◆ **HOW TO COMPLETE THIS TASK**
No images, please. Copy each entry below exactly as it reads.

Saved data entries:

#####

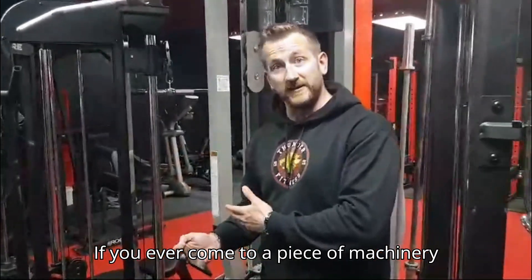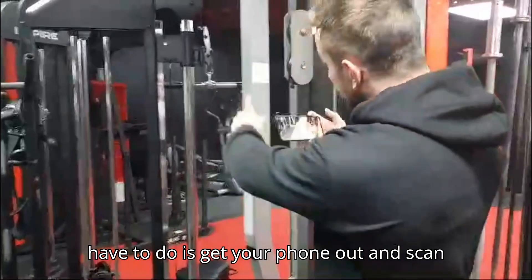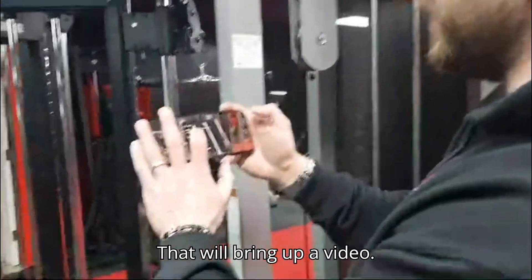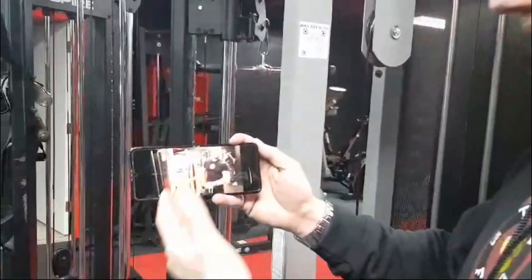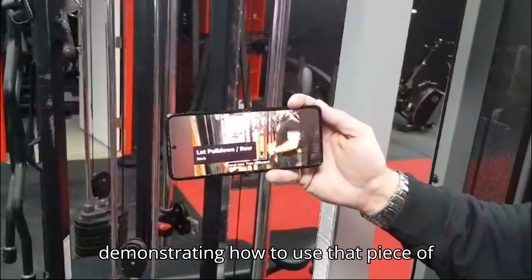If you ever come to a piece of machinery and you're unsure how to use it, all you have to do is get your phone out and scan the QR code that we have. That'll bring up a YouTube video demonstrating how to use that piece of equipment.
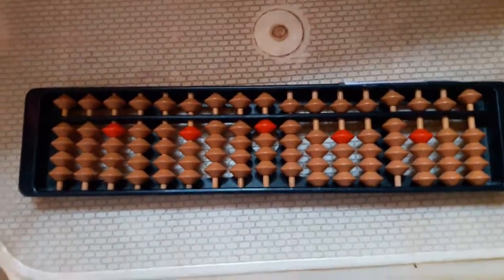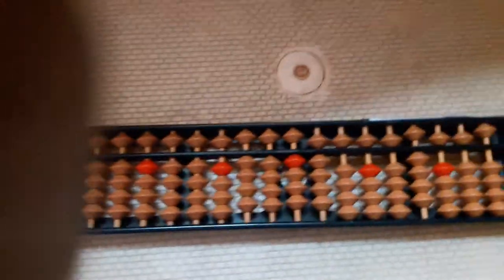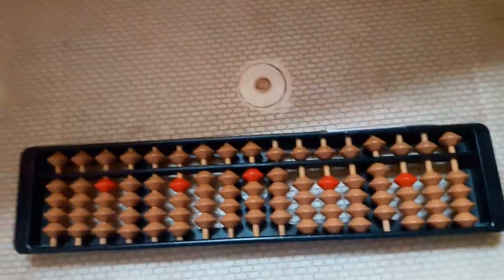This is an unclean abacus. Now we will see how to clean it. Look. We have this hand — the right hand.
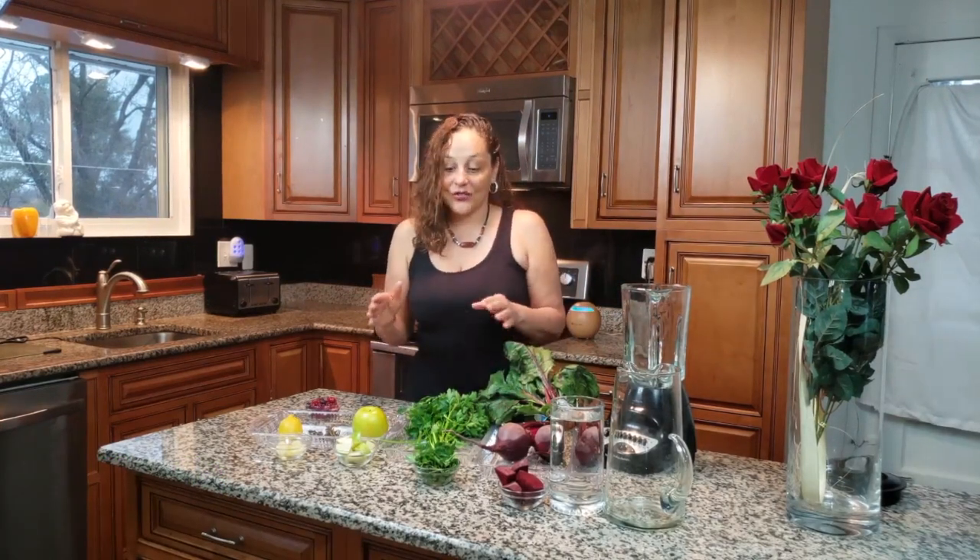Those three drinks are my favorites. This one we're getting ready to make today is called the Hop. The reason it's called the Hop is because it's green, and if you're going to be feeding this to your kids, you want to give it a name to make them enjoy what they're drinking a little bit more than just calling it a healthy drink.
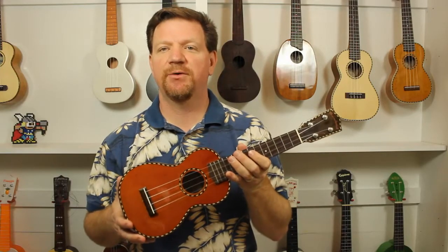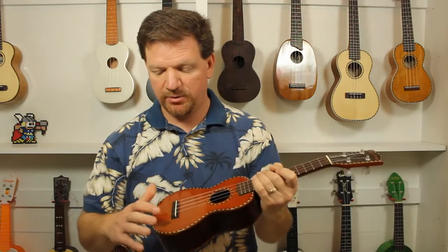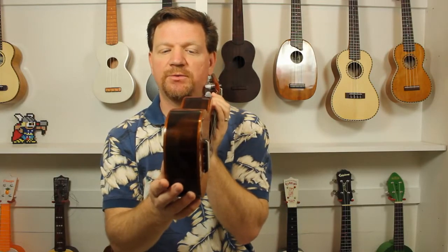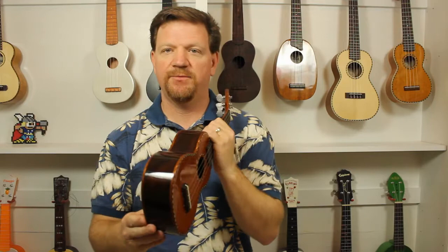This is the Mainland Red Cedar Soprano. It's an all-solid wood ukulele with a red cedar top, rope purfling, and solid rosewood sides and back. Very pretty.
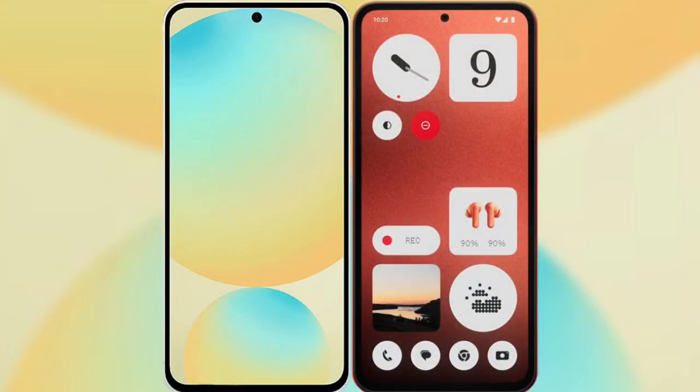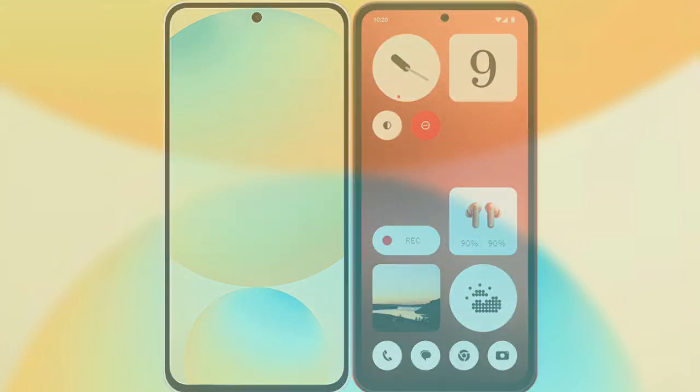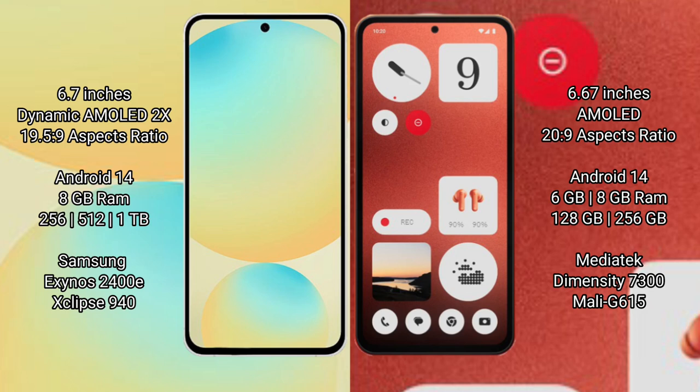I will compare the new Samsung Galaxy S24 FE with the Nothing CMF1. Samsung Galaxy S24 FE has a 6.7-inch Dynamic AMOLED display with a 16:9 aspect ratio. Nothing CMF1 has a 6.67-inch AMOLED display with a 16:20 to 9 aspect ratio.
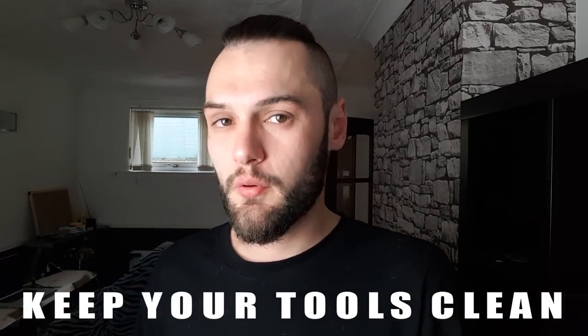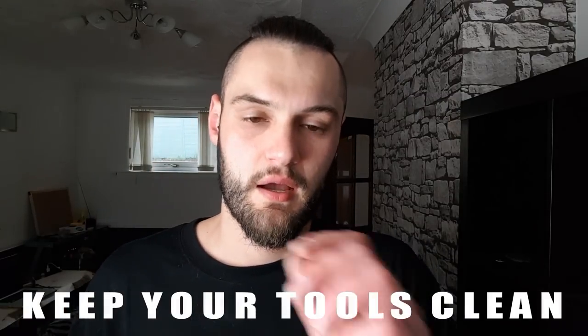Tip number one is keep your tips clean. What I use to keep my pyrography pen clean — this is a tea strainer. I don't even like tea, so I started using it to clean my tip. If you just rub it on here, it will scrape off the carbon and any build-up from any finish you have on any wood. You can do this while your pen is on, off, whether it's hot or cold, and it will cause no damage to your tip.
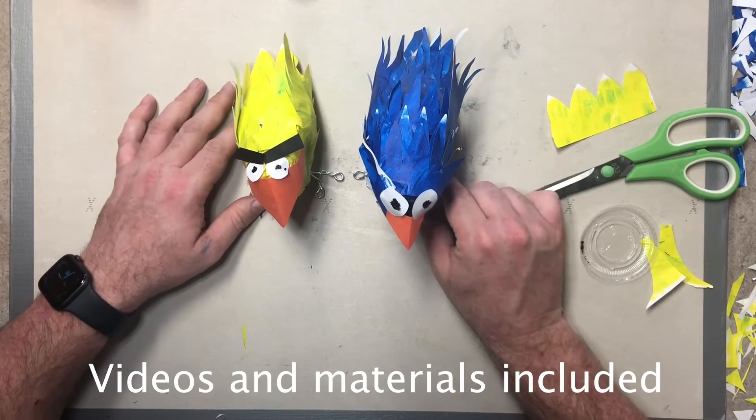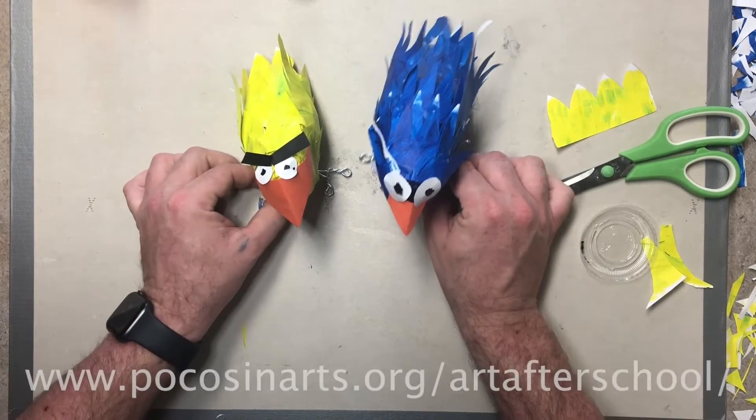All classes include videos and materials. Register today! Art. After school!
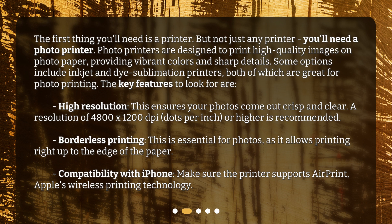The key features to look for are: high resolution — this ensures your photos come out crisp and clear. A resolution of 4800 by 1200 dpi (dots per inch) or higher is recommended. Borderless printing is essential for photos, as it allows printing right up to the edge of the paper. Also check compatibility with iPhone — make sure the printer supports AirPrint, Apple's wireless printing technology.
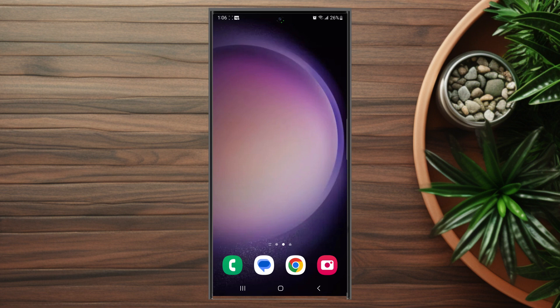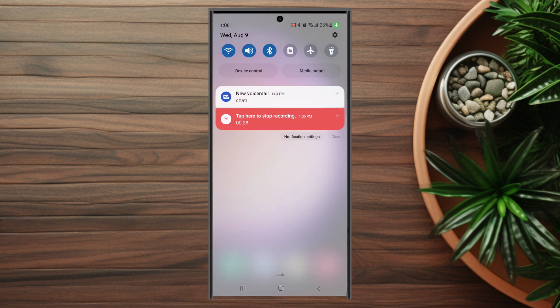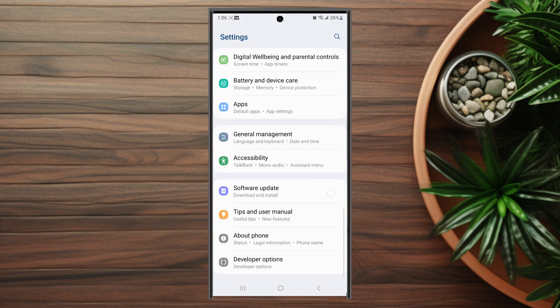If you want to adjust the speaker balance on your S23 device from left to right, thankfully it's pretty easy to do so. The first thing you want to do is head over to your Settings. From there you want to scroll down and look for Accessibility — this is usually below General Management and above Software Update.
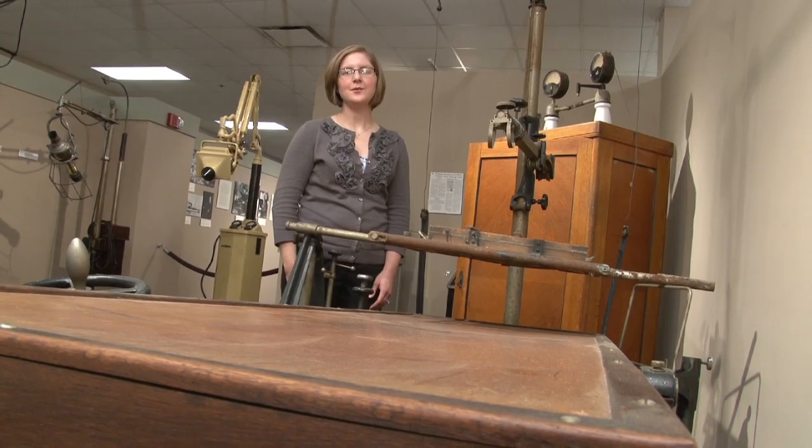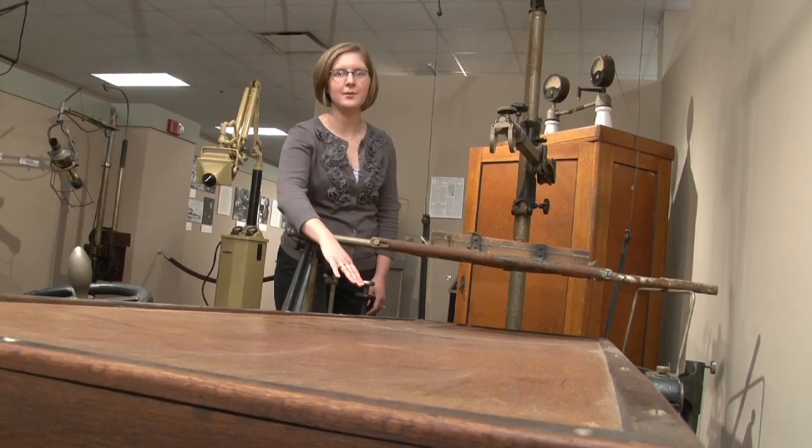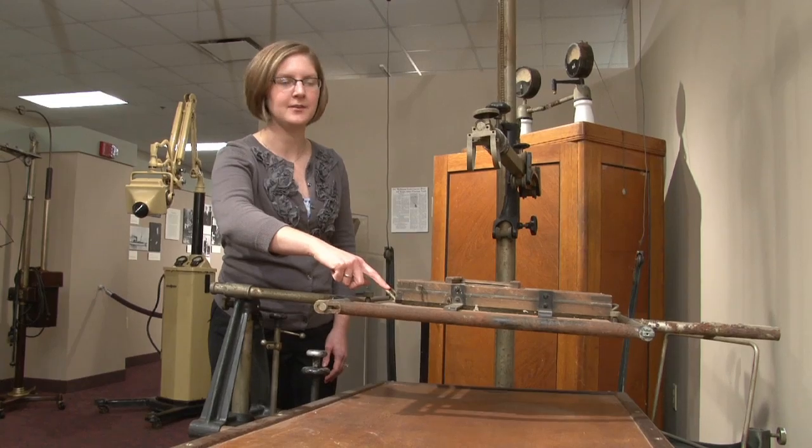This machine could be used to create x-ray images or for fluoroscopy. For an x-ray, the patient would lay on this wooden table.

#####

◆ **EXERCISE OUTPUT**
If you ever come to a piece of machinery and you're unsure how to use it, all you have to do is get your phone out and scan the QR code that we have. That'll bring up a YouTube video demonstrating how to use that piece of equipment.
This is an unclean abacus. Now we will see how to clean it. Look. We have this hand — the right hand.
Those three drinks are my favorites. This one we're getting ready to make today is called the Hop. The reason it's called the Hop is because it's green, and if you're going to be feeding this to your kids, you want to give it a name to make them enjoy what they're drinking a little bit more than just calling it a healthy drink.
This is the Mainland Red Cedar Soprano. It's an all-solid wood ukulele with a red cedar top, rope purfling, and solid rosewood sides and back. Very pretty.
I will compare the new Samsung Galaxy S24 FE with the Nothing CMF1. Samsung Galaxy S24 FE has a 6.7-inch Dynamic AMOLED display with a 16:9 aspect ratio. Nothing CMF1 has a 6.67-inch AMOLED display with a 16:20 to 9 aspect ratio.
Tip number one is keep your tips clean. What I use to keep my pyrography pen clean — this is a tea strainer. I don't even like tea, so I started using it to clean my tip. If you just rub it on here, it will scrape off the carbon and any build-up from any finish you have on any wood. You can do this while your pen is on, off, whether it's hot or cold, and it will cause no damage to your tip.
All classes include videos and materials. Register today! Art. After school!
The key features to look for are: high resolution — this ensures your photos come out crisp and clear. A resolution of 4800 by 1200 dpi (dots per inch) or higher is recommended. Borderless printing is essential for photos, as it allows printing right up to the edge of the paper. Also check compatibility with iPhone — make sure the printer supports AirPrint, Apple's wireless printing technology.
If you want to adjust the speaker balance on your S23 device from left to right, thankfully it's pretty easy to do so. The first thing you want to do is head over to your Settings. From there you want to scroll down and look for Accessibility — this is usually below General Management and above Software Update.
This machine could be used to create x-ray images or for fluoroscopy. For an x-ray, the patient would lay on this wooden table.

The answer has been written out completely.